● **PROVIDED ENTRIES**
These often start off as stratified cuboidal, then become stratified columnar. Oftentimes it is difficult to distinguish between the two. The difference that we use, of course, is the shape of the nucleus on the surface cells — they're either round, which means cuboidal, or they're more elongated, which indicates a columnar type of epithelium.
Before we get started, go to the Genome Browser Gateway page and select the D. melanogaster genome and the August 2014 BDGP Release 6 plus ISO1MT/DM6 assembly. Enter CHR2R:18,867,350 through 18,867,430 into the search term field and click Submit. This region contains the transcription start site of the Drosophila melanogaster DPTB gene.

---

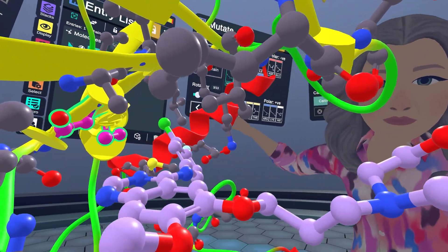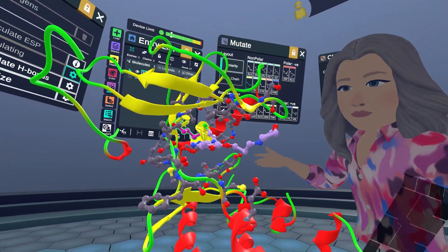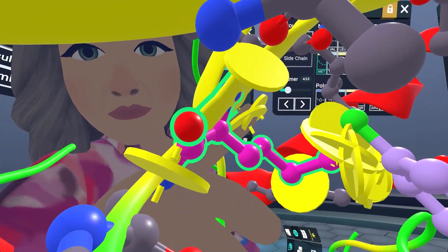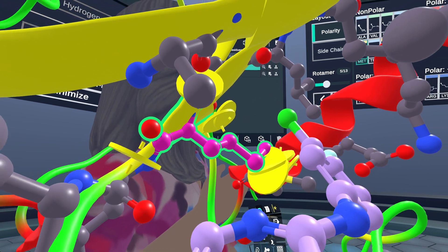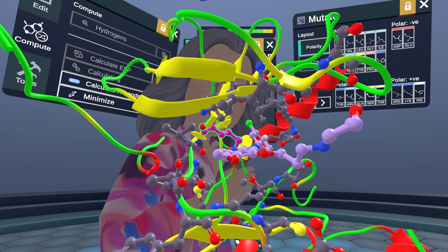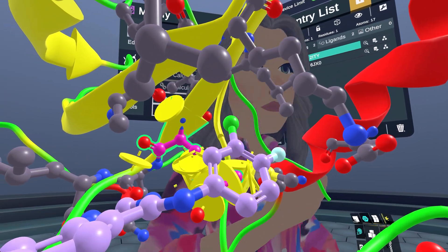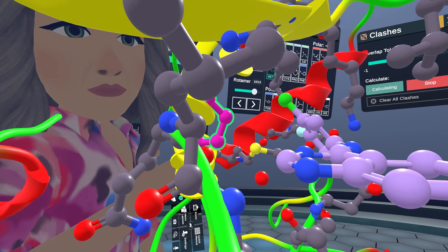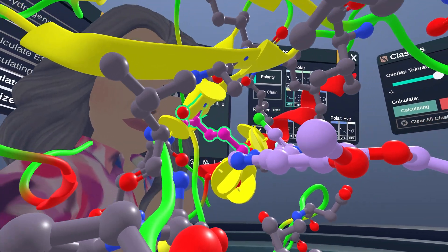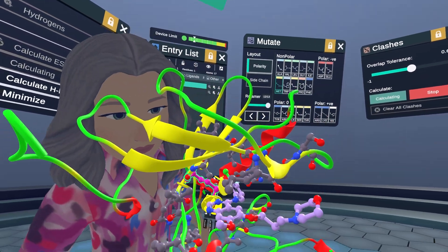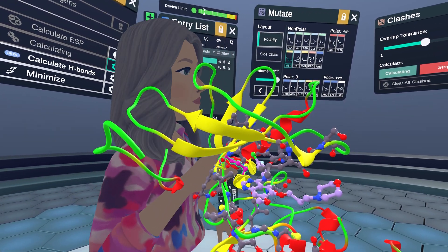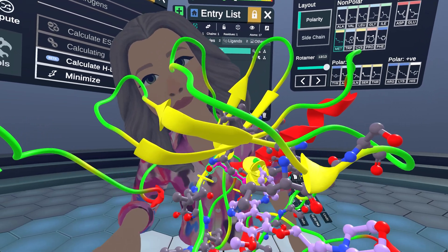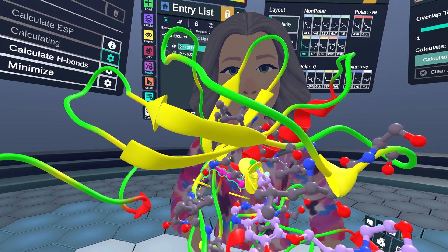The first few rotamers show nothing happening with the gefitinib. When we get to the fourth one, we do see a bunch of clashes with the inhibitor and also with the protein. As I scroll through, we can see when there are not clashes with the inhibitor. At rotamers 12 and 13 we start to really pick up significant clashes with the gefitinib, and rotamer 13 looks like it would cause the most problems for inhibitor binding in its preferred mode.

● **YOUR ASSIGNMENT**
Output the lines above exactly, but only those between the line holding "These often start" and the line holding "Before we get", inclusive.

● **EXPECTED OUTPUT**
These often start off as stratified cuboidal, then become stratified columnar. Oftentimes it is difficult to distinguish between the two. The difference that we use, of course, is the shape of the nucleus on the surface cells — they're either round, which means cuboidal, or they're more elongated, which indicates a columnar type of epithelium.
Before we get started, go to the Genome Browser Gateway page and select the D. melanogaster genome and the August 2014 BDGP Release 6 plus ISO1MT/DM6 assembly. Enter CHR2R:18,867,350 through 18,867,430 into the search term field and click Submit. This region contains the transcription start site of the Drosophila melanogaster DPTB gene.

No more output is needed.